Items from a data source:

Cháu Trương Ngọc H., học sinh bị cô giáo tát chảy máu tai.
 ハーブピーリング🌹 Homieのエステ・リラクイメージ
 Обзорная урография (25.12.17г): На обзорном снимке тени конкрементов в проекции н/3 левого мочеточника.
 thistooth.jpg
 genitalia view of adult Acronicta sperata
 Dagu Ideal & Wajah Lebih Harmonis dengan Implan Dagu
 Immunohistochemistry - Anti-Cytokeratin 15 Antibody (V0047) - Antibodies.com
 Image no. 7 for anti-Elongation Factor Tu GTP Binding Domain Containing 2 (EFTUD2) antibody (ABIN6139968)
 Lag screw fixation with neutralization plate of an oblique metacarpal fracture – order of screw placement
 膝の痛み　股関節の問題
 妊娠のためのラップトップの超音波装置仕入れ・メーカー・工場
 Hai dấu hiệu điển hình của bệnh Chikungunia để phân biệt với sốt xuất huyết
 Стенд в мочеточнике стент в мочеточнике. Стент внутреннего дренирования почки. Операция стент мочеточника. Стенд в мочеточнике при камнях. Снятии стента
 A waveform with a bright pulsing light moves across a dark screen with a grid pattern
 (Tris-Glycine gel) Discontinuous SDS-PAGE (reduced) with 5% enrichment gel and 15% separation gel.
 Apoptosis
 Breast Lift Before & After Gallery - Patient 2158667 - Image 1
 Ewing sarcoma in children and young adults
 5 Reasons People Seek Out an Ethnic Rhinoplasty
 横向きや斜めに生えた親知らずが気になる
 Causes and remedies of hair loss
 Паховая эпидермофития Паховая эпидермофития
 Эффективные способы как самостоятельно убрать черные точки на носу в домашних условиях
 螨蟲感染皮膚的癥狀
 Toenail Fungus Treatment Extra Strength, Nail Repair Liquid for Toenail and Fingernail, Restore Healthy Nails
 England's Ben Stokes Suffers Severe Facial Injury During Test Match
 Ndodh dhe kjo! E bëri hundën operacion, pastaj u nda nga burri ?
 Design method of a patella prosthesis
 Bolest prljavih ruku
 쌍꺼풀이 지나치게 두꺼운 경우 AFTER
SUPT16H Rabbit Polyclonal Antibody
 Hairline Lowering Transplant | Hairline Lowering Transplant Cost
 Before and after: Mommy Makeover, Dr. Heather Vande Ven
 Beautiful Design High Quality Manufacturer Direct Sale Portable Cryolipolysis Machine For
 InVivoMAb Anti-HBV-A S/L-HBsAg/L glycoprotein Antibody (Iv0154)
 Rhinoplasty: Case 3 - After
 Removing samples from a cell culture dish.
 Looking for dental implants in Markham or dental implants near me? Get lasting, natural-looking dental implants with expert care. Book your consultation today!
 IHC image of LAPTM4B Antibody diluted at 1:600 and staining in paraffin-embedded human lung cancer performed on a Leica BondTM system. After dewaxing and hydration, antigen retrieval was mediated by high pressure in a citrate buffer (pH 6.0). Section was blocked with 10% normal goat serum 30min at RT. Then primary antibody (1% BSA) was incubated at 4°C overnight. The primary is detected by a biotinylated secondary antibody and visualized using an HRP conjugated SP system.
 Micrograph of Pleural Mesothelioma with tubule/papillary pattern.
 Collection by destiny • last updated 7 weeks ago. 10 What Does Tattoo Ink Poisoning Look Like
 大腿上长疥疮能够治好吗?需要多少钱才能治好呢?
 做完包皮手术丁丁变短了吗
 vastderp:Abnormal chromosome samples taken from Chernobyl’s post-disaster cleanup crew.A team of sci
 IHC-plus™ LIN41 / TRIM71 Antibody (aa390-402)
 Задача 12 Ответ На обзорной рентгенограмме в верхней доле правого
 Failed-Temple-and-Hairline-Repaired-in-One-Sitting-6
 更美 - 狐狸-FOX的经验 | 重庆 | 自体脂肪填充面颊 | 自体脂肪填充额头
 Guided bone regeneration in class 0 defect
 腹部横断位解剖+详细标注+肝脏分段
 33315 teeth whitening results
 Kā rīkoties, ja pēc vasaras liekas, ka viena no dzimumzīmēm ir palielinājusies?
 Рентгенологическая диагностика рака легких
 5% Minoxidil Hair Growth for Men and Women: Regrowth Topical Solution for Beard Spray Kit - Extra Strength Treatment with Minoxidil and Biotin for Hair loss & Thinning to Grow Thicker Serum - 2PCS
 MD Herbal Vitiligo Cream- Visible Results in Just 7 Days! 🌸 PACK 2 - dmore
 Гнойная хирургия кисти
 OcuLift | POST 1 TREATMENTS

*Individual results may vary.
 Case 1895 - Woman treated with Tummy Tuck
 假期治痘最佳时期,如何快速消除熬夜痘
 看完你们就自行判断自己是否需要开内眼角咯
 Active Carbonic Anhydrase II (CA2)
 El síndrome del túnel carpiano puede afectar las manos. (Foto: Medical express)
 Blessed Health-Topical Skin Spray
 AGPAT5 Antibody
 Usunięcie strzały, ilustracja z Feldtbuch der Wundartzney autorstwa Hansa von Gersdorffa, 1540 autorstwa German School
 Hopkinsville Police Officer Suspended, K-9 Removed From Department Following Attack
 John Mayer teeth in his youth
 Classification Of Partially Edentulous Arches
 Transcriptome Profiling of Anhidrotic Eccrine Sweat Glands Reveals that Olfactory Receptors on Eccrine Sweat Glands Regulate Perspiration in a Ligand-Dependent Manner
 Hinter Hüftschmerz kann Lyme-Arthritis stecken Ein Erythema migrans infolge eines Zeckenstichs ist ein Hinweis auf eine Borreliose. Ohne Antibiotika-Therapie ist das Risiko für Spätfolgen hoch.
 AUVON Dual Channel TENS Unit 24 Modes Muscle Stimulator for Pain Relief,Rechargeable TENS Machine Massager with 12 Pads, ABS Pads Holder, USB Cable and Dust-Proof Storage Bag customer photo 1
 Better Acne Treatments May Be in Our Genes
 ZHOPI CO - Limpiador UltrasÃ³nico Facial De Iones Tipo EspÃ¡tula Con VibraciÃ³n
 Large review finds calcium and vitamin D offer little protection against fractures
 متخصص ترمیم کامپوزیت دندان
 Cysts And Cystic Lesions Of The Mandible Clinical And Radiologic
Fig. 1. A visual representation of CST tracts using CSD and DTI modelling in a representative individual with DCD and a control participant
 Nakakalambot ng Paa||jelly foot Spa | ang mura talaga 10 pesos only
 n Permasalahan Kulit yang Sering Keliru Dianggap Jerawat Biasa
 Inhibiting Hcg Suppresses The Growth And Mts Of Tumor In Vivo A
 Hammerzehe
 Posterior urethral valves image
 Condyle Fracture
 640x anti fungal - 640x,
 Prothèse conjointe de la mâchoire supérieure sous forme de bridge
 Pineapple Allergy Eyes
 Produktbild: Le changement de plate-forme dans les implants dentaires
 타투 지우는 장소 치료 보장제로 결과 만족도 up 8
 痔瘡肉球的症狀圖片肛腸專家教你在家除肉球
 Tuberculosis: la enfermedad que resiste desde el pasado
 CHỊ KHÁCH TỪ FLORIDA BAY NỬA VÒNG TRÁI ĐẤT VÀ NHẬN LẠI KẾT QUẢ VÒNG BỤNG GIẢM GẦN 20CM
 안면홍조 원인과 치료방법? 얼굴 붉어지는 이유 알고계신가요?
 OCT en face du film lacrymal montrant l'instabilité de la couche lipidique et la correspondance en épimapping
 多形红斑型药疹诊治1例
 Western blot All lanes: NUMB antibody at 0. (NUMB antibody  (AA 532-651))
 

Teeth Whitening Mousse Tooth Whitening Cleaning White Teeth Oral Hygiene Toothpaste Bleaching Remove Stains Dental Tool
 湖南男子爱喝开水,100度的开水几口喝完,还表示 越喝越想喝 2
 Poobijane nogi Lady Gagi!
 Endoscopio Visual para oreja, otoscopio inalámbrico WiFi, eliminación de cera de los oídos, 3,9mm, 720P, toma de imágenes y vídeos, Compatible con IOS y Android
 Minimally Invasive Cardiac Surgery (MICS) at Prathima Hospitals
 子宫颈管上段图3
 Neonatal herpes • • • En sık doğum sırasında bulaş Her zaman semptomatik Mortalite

- **Prompt**: The word to find is "pattern". Copy every line of the records that holds it.

- **Expected answer**:
 A waveform with a bright pulsing light moves across a dark screen with a grid pattern
 Micrograph of Pleural Mesothelioma with tubule/papillary pattern.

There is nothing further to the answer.